The idea of a bridge linking Manhattan to Brooklyn was first formalized in a petition to the state legislature in 1802 (Feuerstein 24). From the time Dutch settlers arrived in Brooklyn in 1636, there had been a need to travel between Manhattan and Brooklyn (Feuerstein 98). There were many factors that made constructing a bridge there difficult, though. The East River was a wide and busy waterway with large ships and was surrounded by a low-lying area. This required that the bridge have a high clearance to enable ships to enter, be longer than any bridge built before it and have a significant curve. For these reasons, the idea for the bridge was continuously put off in favor of ferry services. Brooklyn’s population continued to swell though, and between 1860 and 1870, it experienced a colossal increase from 266,000 to 396,000 (Feuerstein 19). The City of New York at the time consisted only of Manhattan, which had about double the population of Brooklyn. A bridge was seen as a way to relieve overcrowding in Manhattan, while at the same time aid in the expansion of Brooklyn.

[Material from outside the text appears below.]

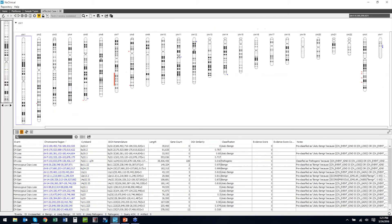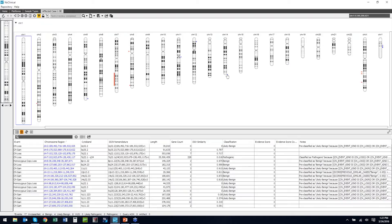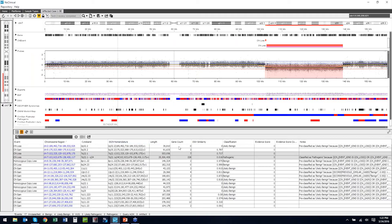Affected case one is shown here. At the top we see an overview of all chromosomes with our changes — red for loss, blue for gain. At the bottom is a table of results with a total of 17 events, most classified. In the table we have type of change (loss or gain), any allele call, chromosomal region with genomic coordinates, cytoband, ISCN nomenclature, length, gene count, DGV similarity score, classification, evidence score, and notes. I'll sort these first based on classification.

A man named John Roebling came up with the idea for the bridge in 1855 when he became frustrated while waiting for a ferry in 1855 (Logson 341). Roebling was born in 1806 in Germany where he trained to be an engineer. He immigrated to the United States in 1831 and after a failed attempt at making a living as a farmer in Pennsylvania, he found work as a civil engineer (Logson 342). He originally worked on canals and in the process of designing them, he found that he needed better rope. He came up with a new design and method of creating flexible wire ropes and received a patent for this in 1842 (Logson 342). He quickly found additional uses for the invention, one of which was bridges. He completed his first major bridge in 1855, which was the Niagara River Gorge Bridge (Logson 344). After several more successful projects, Roebling began to lobby influential people in New York for a bridge he had designed to cross the East River. In 1867, an act was passed to raise funding for the bridge and two years later, the design for the Brooklyn Bridge was approved. The same month the plans were approved, Roebling’s foot was crushed by a ferry and he soon after died of tetanus (Logson 345). His son, Washington, took over and ground was broken on the bridge on January 3, 1870 (Logson 346).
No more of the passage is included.